One hundred years ago, photography involved wooden cameras, metal tripods and glass plates. Then along came the Leica 1(A), a device that repurposed 35mm movie-film negative for a camera that was portable, lightweight and allowed users to take more than one shot without changing the film.
It was dismissed as a toy.
“Professional photographers didn’t trust it,” says Stefan Daniel, executive vice president of technology and operations at Leica, from the company’s headquarters in the city of Wetzlar, near Frankfurt, Germany.
“It’s the typical reaction when something revolutionary comes up. But it really made photography much more mobile, much more agile than before.”
Early adopters — including street photographers, explorers and members of the Bauhaus movement — did trust it, seeing the potential after it launched at the 1925 Leipzig Spring Fair.
The 1(A) was prophetically named: creating a paradigm shift that took photography from a stiff, studio-based practice into a versatile and candid art form, opening up new possibilities for enthusiasts and pros alike.
As Leica prepares for a year of centennial celebrations, it doesn’t want for credible advocates. Elvis Presley, Alfred Hitchcock, Stanley Kubrick and Miles Davis were all fans; as are Brad Pitt, Daniel Craig and Lenny Kravitz today.
The professional snappers soon came around, too — Henri Cartier-Bresson is synonymous with his Leica 35mm (fitted with a 50mm lens), and from there, you can count off endorsements from Robert Capa, William Eggleston, Vivian Maier and Robert Frank, up to Joel Meyerowitz, Annie Leibovitz and Greg Williams now.
The brand has endured partly because it has kept up with the times; it launched its first mirrorless (silent) camera, the Leica SL, in 2015. An instant camera, the Leica Sofort, followed in 2016. A compact full-frame digital model, the Leica Q2, arrived in 2019.

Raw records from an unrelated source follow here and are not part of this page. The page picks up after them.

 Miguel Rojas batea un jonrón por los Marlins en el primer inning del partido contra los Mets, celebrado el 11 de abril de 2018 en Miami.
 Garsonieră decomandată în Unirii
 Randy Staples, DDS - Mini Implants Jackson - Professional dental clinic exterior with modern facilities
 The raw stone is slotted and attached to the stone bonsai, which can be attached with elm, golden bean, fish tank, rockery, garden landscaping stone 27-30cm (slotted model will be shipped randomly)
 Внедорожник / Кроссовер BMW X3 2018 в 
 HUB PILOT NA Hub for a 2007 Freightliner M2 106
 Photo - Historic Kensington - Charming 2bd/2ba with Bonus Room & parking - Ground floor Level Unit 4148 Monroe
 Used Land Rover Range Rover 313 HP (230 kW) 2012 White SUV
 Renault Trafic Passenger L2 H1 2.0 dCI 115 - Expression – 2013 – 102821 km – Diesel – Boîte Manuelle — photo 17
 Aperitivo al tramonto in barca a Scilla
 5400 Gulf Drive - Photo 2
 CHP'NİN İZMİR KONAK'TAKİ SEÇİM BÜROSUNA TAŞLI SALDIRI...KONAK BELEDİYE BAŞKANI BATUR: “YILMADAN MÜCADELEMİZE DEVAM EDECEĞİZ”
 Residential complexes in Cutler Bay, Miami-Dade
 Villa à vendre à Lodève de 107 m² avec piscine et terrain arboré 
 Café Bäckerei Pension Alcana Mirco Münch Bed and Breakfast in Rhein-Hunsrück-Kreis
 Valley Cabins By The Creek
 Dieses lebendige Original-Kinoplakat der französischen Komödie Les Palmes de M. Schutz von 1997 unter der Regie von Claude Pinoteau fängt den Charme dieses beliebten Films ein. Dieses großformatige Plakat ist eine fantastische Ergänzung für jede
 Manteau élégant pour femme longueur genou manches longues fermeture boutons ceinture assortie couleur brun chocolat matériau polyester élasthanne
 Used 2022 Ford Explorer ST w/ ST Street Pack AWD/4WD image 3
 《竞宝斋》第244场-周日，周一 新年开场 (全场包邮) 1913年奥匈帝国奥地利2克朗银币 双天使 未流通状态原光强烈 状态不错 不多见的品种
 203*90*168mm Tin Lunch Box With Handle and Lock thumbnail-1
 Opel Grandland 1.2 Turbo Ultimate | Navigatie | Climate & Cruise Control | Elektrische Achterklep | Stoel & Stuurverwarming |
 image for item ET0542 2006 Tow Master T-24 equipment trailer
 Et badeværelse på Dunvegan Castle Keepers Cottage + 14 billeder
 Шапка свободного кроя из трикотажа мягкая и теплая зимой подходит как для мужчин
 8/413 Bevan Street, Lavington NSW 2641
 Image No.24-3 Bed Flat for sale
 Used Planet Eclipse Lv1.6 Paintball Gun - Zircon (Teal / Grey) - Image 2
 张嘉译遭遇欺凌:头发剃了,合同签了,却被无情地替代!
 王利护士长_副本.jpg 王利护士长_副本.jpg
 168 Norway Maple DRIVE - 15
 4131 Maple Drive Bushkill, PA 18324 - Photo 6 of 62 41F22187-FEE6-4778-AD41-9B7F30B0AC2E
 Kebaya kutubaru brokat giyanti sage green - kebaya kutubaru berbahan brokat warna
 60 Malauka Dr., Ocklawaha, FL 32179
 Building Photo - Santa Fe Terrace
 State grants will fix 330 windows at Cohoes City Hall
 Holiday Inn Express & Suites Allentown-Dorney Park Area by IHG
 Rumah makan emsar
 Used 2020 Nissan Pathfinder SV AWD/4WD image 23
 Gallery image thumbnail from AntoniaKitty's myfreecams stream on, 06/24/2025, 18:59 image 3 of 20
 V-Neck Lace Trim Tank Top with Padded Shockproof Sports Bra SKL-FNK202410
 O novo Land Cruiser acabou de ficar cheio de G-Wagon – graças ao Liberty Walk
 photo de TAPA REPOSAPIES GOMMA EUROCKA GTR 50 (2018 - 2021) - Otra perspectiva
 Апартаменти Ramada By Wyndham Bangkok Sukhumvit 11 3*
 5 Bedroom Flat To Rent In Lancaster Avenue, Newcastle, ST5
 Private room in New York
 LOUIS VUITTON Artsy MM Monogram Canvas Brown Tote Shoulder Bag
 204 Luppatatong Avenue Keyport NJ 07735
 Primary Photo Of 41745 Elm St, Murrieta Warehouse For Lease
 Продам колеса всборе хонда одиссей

More significantly, it has maintained exclusivity, luxury appeal and fierce brand loyalty, thanks to the emotional connection photographers feel they get from a Leica, and a Leica only. Each model is still hand-assembled in Germany, and built to last.
“At the origin, there wasn’t a designer at work,” says Daniel. “There were the engineers doing the product. Only, looking back, you can see what an amazing job they have done, to create a very functional product, which is beautiful in itself. It’s not a coincidence that the Q looks like an SL, or the Sofort. We never give room to ‘Oh, we could add this or that function’. It’s ‘less is more’.
“Because in the end, you should concentrate on the subject, not the camera. It makes your images much, much better.”